Elle était sûre d’avoir trouvé un tapis… mais quelqu’un à l’intérieur gémissait et bougeait.

Le temps s’était réchauffé et le soleil brillait, alors Sima décida d’en profiter pour aérer ses « oreillers » et sa « couverture ». Pour les oreillers, elle utilisait des sacs en papier remplis de sciure, et pour la couverture, un vieux tapis mural orné d’un motif de cerf. Elle l’étendit soigneusement sur une corde entre les arbres, et posa à côté un banc en bois recouvert de skaï rouge, où elle étala ses « oreillers » faits maison.

Serafima était sans-abri depuis plus d’un an. Son rêve était d’économiser de l’argent, de refaire ses papiers perdus et de retourner chez elle — dans l’une des républiques du sud, où l’attendaient des souvenirs de famille et une vie normale. En attendant, elle vivait dans une cabane abandonnée de garde forestier, autrefois entourée d’une dense forêt, désormais transformée en une immense décharge.

Au début, l’odeur était à peine perceptible, mais avec le temps, les tas d’ordures grandissaient non plus en jours, mais en heures. On y déversait tout : débris de construction, meubles cassés, vieux vêtements, vaisselle. C’est ainsi que Sima avait récupéré un petit meuble, un pouf usé, et même un coffre en bois contenant des vêtements que quelqu’un avait jetés comme inutiles.

Peu à peu, des camionnettes de supermarchés arrivèrent — déchargeant des produits périmés. Après un tri minutieux, il arrivait parfois qu’il y ait des légumes, fruits, voire des plats surgelés encore comestibles. Mais l’eau était rare. Elle devait aller la puiser dans une rivière polluée, la filtrant à travers des chiffons et du charbon qu’elle collectait dans la décharge.

Le bois ne manquait pas — des troncs d’arbres brisés jonchaient le sol, donc chauffer le poêle ne posait pas de problème. Les jours se fondaient dans une existence monotone, et économiser même un peu d’argent restait exceptionnel. Les pièces dans les poches des vêtements jetés étaient rares, et les portefeuilles un vrai trésor.

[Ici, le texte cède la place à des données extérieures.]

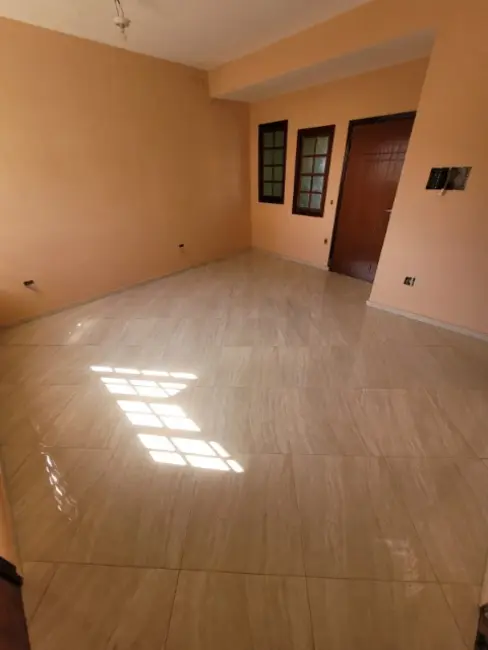 Foto 1 de Casa com 2 quartos para alugar, 125m2 em Itaquera, São Paulo - SP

Une nuit, elle fut réveillée par le bruit d’une voiture qui approchait. C’était habituel — la plupart venaient déposer leurs ordures dans l’ombre de la nuit pour ne pas être reconnus. Mais cette fois, quelque chose lui parut étrange. La voiture était luxueuse, imposante, presque un SUV. À la lumière de la lune, elle ressemblait à une bête sur roues.

Un homme en sortit lentement, tira un énorme rouleau du coffre, et l’enfouit plus profondément dans les tas d’ordures.

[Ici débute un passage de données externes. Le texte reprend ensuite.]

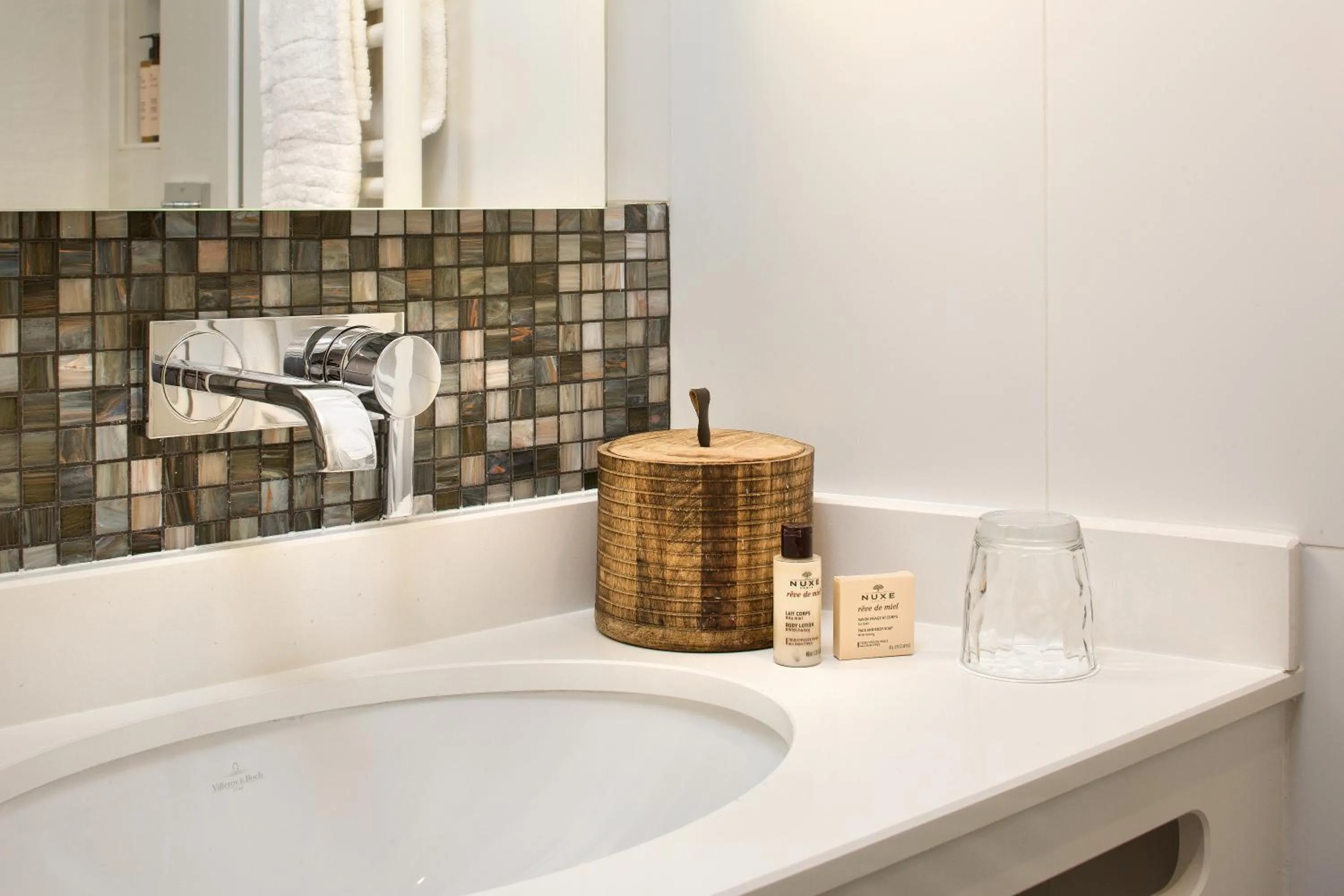 Bathroom in Serotel Suites Opera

« Peut-être du feutre bitumé ? Je pourrais réparer le toit… La pluie arrive bientôt », pensa Sima, pressant mentalement l’étranger : « Allez, dépêche-toi ! »

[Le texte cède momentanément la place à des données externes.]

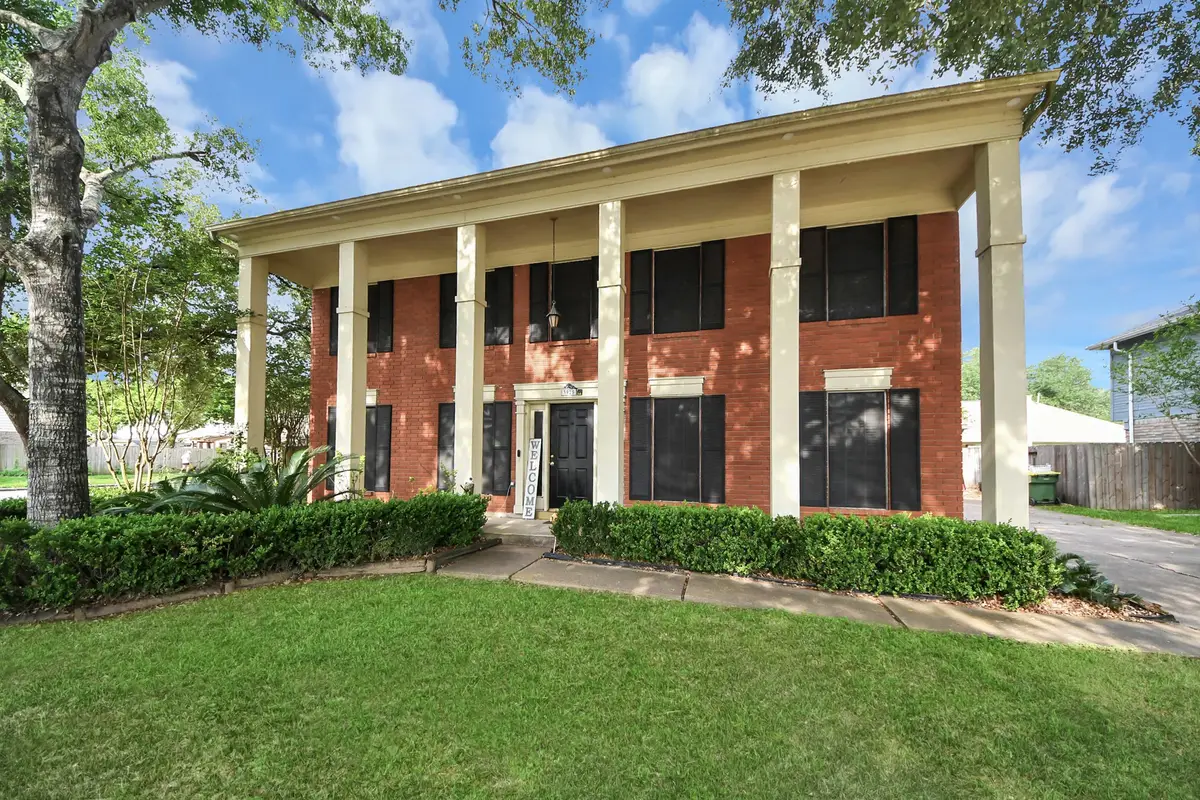 3925 Spring Crest Court, Pearland, TX 77584 - #1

L’homme laissa le rouleau dans une fosse entre les débris, regarda autour de lui comme s’il hésitait, puis fit un geste de la main et retourna à la voiture. Quelques minutes plus tard, le moteur rugit, et la voiture disparut dans la nuit.

« Enfin », souffla Sima, avant de se changer en vêtements de travail.

Elle enfila ses grandes bottes en caoutchouc et sortit dans la cour. Le ciel s’éclaircissait déjà, l’air embaumait la forêt. Elle se souvint qu’il y avait une clairière sur la colline où poussaient des champignons — ça valait la peine d’y jeter un œil le matin.

En s’approchant de l’endroit où l’homme avait déposé le rouleau, elle s’attendait à trouver une bande de feutre ou de polyéthylène épais. Mais à la place, sur le sol, gisait un tapis enroulé, soigneusement plié. Pas n’importe lequel — un de ceux qui ornaient autrefois les riches maisons.

« Waouh… Style Boukhara, je crois. Tellement beau, lourd. Dommage que ce ne soit pas pour le toit », nota Sima, déçue. Puis elle ajouta : « Peut-être que je le prendrai ? Replié en deux, ce serait un meilleur matelas que mes sacs de sciure. »

Elle se réjouissait de cette idée et courut vers le rouleau. Elle essaya de le soulever — trop lourd. Puis elle tira doucement un bord pour le dérouler. Et soudain, elle entendit — quelqu’un gémir de l’intérieur !

Sima, qui avait vu toutes sortes de choses durant son année dans la rue, eut peur pour la première fois jusqu’à trembler sur ses genoux. Elle s’approcha et appela :

« Qui est là ? »

Silence. Puis un gémissement, et une voix féminine à peine audible :

« C’est moi… Maria Filippovna… »

En tirant le bord du tapis avec effort, Sima finit par libérer la femme. Elle tomba dehors, peinant à se retourner, et gémissait doucement.

« Tiens bon, je vais t’aider ! » cria Sima en courant vers elle.